The Advanced Therapy Medicinal Products (ATMPs) include gene therapy and somatic cell therapy medicinal products and tissue engineered products, for which the starting materials involve genes and their vectors (viruses, plasmids) and viable cells/ tissues. Regulation (1394/2007/EC ) for ATMPs came into force in EU in 2009 and with that the centralised MA process became mandatory for these products. ATMPs can also contain medical devices (e.g. structural components, matrices) and in such cases they are considered as combination products.
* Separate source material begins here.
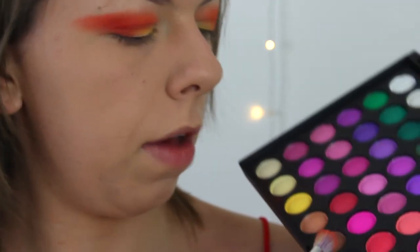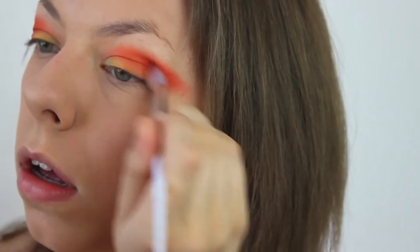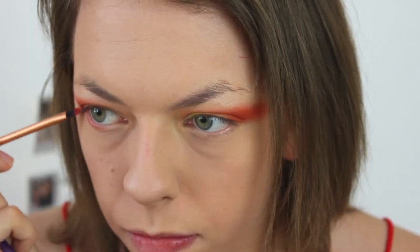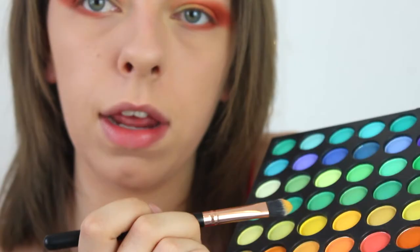I'm adding a tiny bit of brown to blend everything and make it a bit darker — a brownie gold copper color — to darken the red up a little more. That's really darkening it and making it more dramatic. I'm bringing the bright red underneath my eye as well, then adding a tiny bit more neon yellow onto the base.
The EMA´s Committee for Advanced Therapies (CAT) is responsible for the assessment of MAAs of ATMPs together with CHMP. Along with the regulation the deficitions of ATMPs were revised and Directive 2001/83/EC was renewed with regards to the technical requirements of these products (implementing directive 2009/120/EC). In addition to evaluation of MA applications, the CAT gives recommendations concerning classification of ATMPs and evaluates quality and non-clinical studies of ATMP certification applications. The guidelines for classification and certification can be found on the CAT webpage, as well as agendas and minutes of the monthly CAT meetings.

Summaries of all CAT classification recommendations are available online: Scientific recommendations on classification of advanced therapy medicinal products

Outside of the ATMP regulation have been left ATMPs that are produced under a national manufacturing license (so-called hospital exemption, article 28). This manufacturing is regulated by article 15c of the Finnish Medicines Act and it requires a license from Fimea.